If you want to play at the parks in Tampa Palms, and you don't live there, you're going to have to pay.

The Tampa Palms Community Development District has decided to charge residents who live outside Areas 1 and 2 $300 annually per family for use of Amberly, Hampton and Oak parks. The policy does not affect Compton or River parks, which are operated by the Tampa Palms Owners Association.

On Wednesday, the CDD approved the new policy, which officials said was necessary because the parks were built using tax-exempt bonds. The public, not just those who live in the CDD area, must be given an equal opportunity to use the facilities since public money helped build the parks.

The possibility being considered to keep tabs on users: Ask people at the three parks where they live and issue identification cards to approved users who either live in Areas 1 and 2 or who have paid the $300 fee.

The new policy opens the parks up to the public but requires an assessment similar to what Tampa Palms residents are already contributing to pay off the bonds, which expire in 2008.

"How are you going to police this?" asked Wyndam resident Bill Snyder of the CDD supervisors. "If we're going into the policing business, it's going to cost us."

CDD assistant manager John Daugirda said the details will be worked out later. The main point was to get the policy in place.

"It's something our bond counsel recommends us doing," he said.

The taxing authority doesn't know how many outsiders use the park and doesn't plan to market the parks for outside use. Most supervisors said they doubt many people will actually pay to use the parks, especially considering the much nicer facilities going into newer areas of Tampa Palms.

"I don't see people beating down our door to take advantage" of the parks, said CDD chairman Mark Fitzpatrick.

Club Tampa Palms was recently completed in neighboring Area 4 with three swimming pools, a children's play area, basketball and tennis courts, soccer field and two workout rooms. Workers plan to finish the $6-million New Tampa YMCA, with an Olympic-size swimming pool, this summer. And the city is building a park in Area 8, north of Areas 2 and 4, that it will share with a new high school and middle school site.

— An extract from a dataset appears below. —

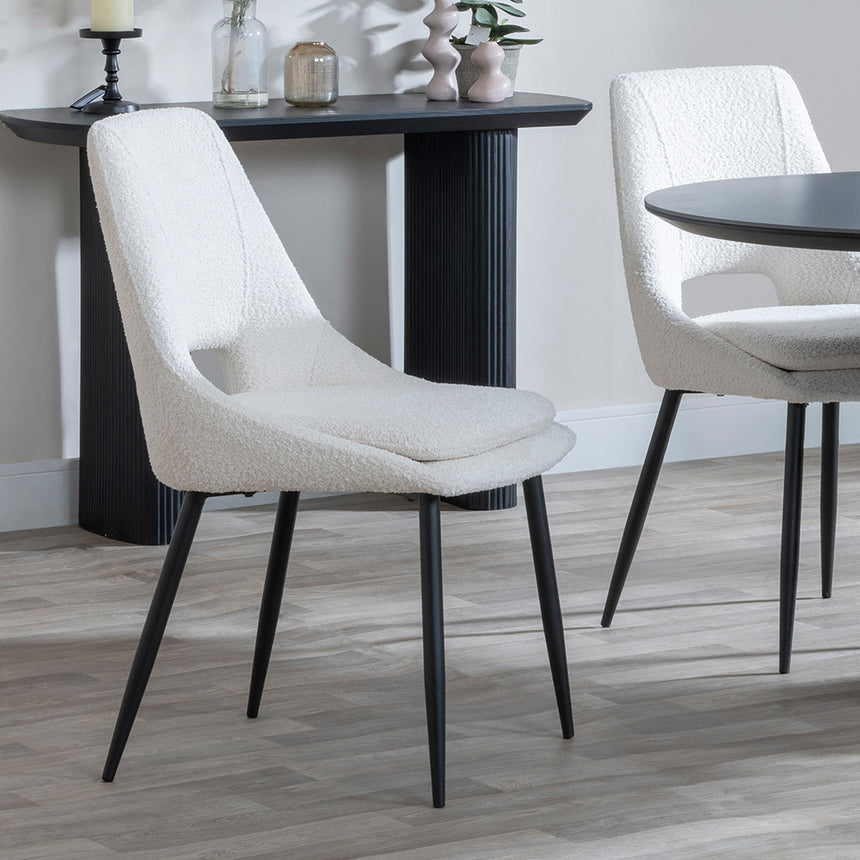Joyce Dark Grey  Ceramic Oval Dining Set with Pedestal Base - Stansbury Fabric Dining Chair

Until those projects are complete, supervisors Curtis Stokes and Andy Miller said they see a need to charge for the park use.

"We're going to have the only parks in town in Tampa Palms," Miller said.

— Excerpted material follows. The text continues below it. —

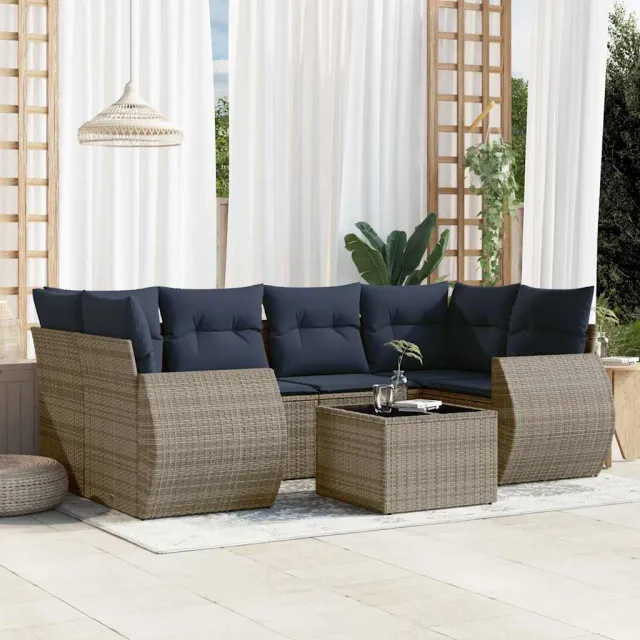 vidaXL 7-delige tuinbankset met kussens, grijs polyrotan, foto 2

Meanwhile, officials with Waterford Construction and Development presented their plans to convert the two-home Somerset subdivision at Bruce B. Downs Boulevard and Amberly Drive into the Somerset Professional Park.

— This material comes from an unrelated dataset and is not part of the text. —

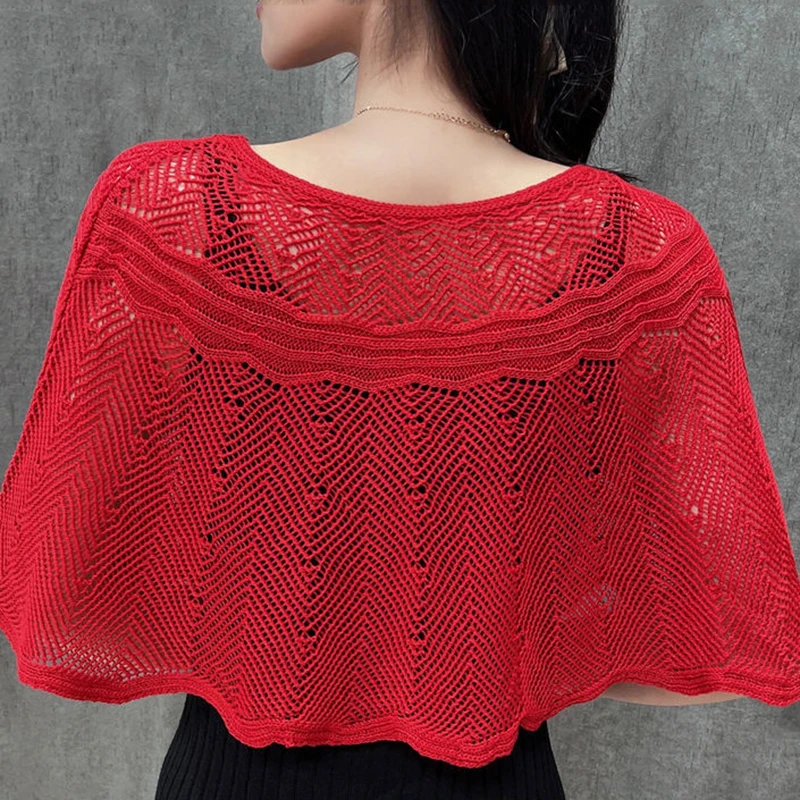 Women Hollow Knit Mesh Sunscreen Shawl Scarf Female Summer Pearl Pin Pullover Blouse Cape Versatile Camisole Clothing R73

Waterford wants to build about 14 offices, some 37,000 square feet of space, on the 3{-acre parcel, said land-use planner Michael Horner. Each office building would be between 2,000 and 4,500 square feet.

Waterford president John Westfall said the offices would appeal to "doctors, dentists, attorneys, engineers, investment counselors, that type of thing."

Waterford has built about 18 office parks throughout Hillsborough County, including Bearss Point, at the corner of Bearss Avenue and Smitter Road.

Waterford seeks to rezone the property from residential to commercial. Hearings have been set to begin at 6 p.m. April 12 at City Hall.

If the rezoning is approved, Waterford will purchase the two homes in Somerset and convert them to offices.

Waterford also will make a formal presentation to the CDD at 6 p.m. April 11 at Compton Park.